Your doctor will prescribe an antibiotic based on the type of bacteria involved, sometimes adjusting it after lab results come back. Most kidney infections are treated with oral antibiotics at home. Severe cases may require a hospital stay with intravenous fluids and medication. While you’re on antibiotics, staying well-hydrated supports your urinary tract’s ability to flush bacteria. Heat therapy and acetaminophen can help manage the discomfort during the days it takes for the antibiotic to fully work.
Dietary Changes That Reduce Kidney Pain
If kidney stones are the source of your pain, what you eat plays a direct role in whether you’ll keep forming them. About half of people who pass a stone will form another one within five to ten years unless they make changes.
Reducing sodium is one of the most effective steps. High salt intake increases the amount of calcium your kidneys filter, which raises stone risk. Cutting back on processed foods, canned soups, and restaurant meals can make a measurable difference. Eating enough calcium from food (not supplements) actually helps by binding to stone-forming compounds in the gut before they reach your kidneys. Limiting animal protein, especially red meat, also lowers uric acid levels that contribute to certain stone types.
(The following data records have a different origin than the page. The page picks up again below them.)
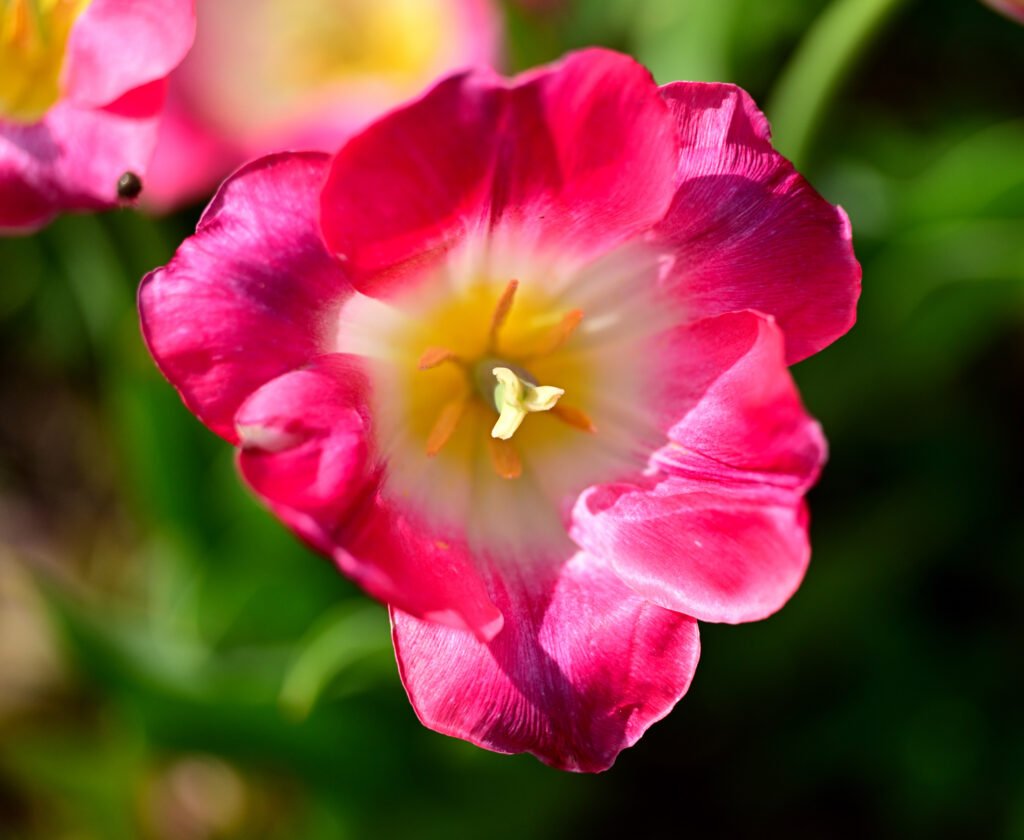 February flowers in Fairhope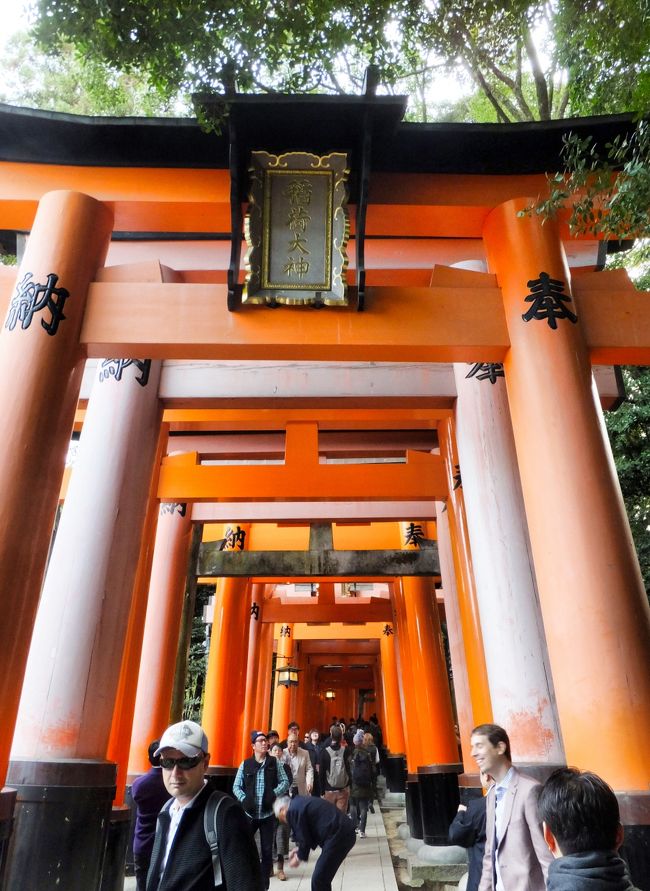 伏見稲荷へ行ってきました<br /><br />外国人に人気の日本の観光スポット2014」において京都の伏見稲荷大社が見<br /><br />事１位に選ばれています。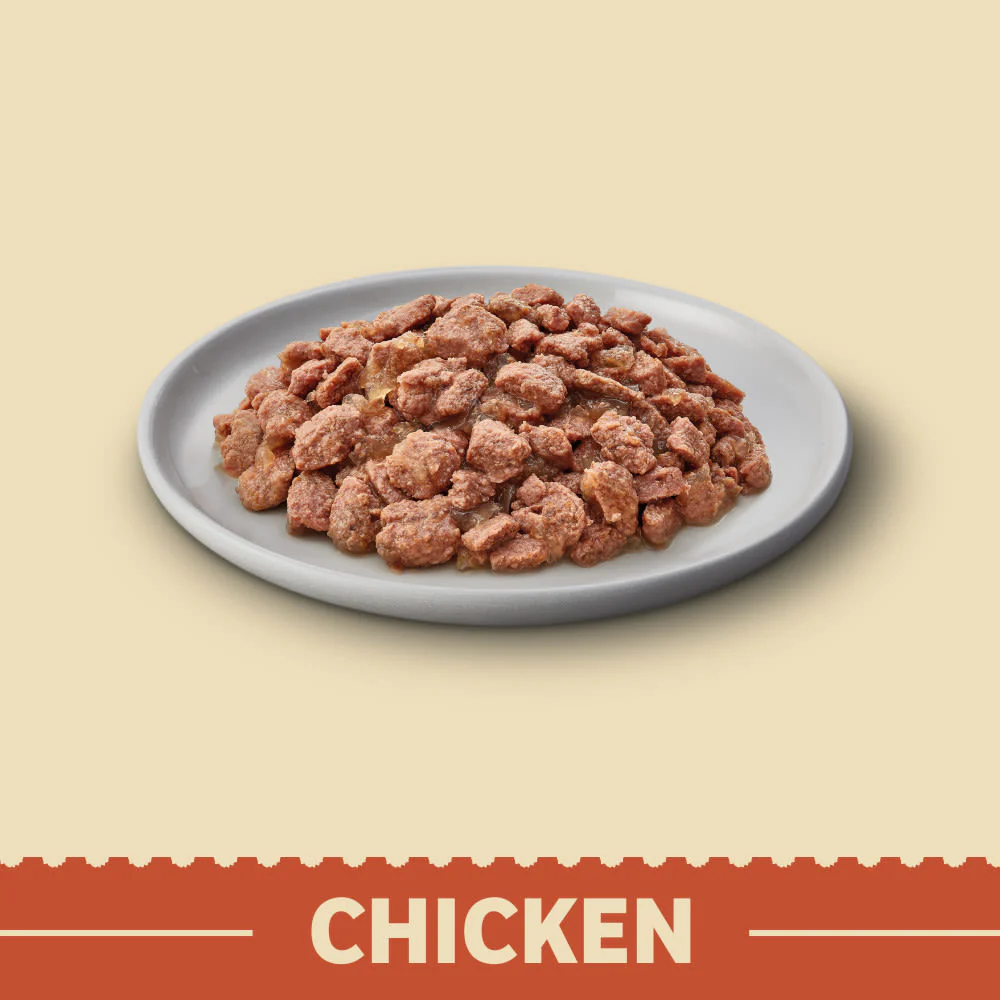James Wellbeloved Grain Free Adult Cat Food Pouches Chicken in Jelly - Image 5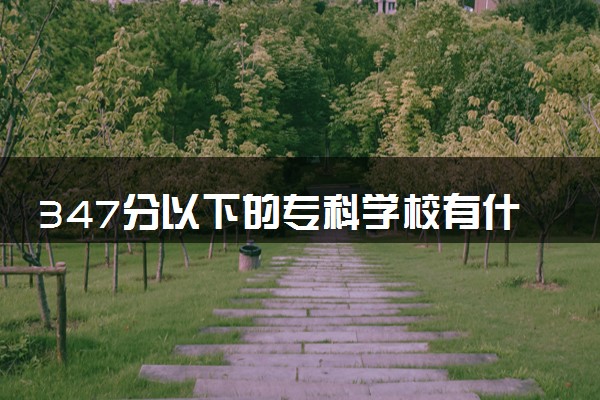 347分以下的专科学校有什么 哪些比较好值得报考
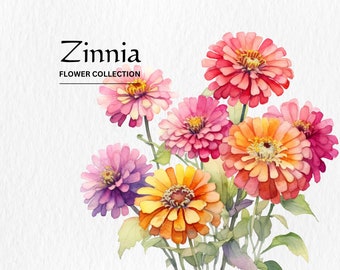 Watercolor Zinnia Flowers Clipart Bundle: PNG Floral Designs (Digital Download)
For people prone to calcium oxalate stones specifically, moderating high-oxalate foods like spinach, beets, nuts, and chocolate can help. You don’t need to eliminate these entirely, but pairing them with calcium-rich foods at the same meal reduces oxalate absorption.
Signs You Need Emergency Care
Most kidney pain can be managed initially at home, but certain symptoms signal something more urgent. Contact your doctor the same day if you have constant, one-sided flank pain along with any of the following: fever and body aches, pain during urination, blood in your urine, vomiting, or a recent urinary tract infection.
Seek emergency care if you experience sudden, severe kidney pain, especially with blood in your urine. A stone blocking the ureter can cause intense, wave-like pain (renal colic) that ranks among the most severe pain people experience. If it’s accompanied by high fever, inability to keep fluids down, or signs of infection, that combination can become dangerous quickly. A blocked, infected kidney is a medical emergency.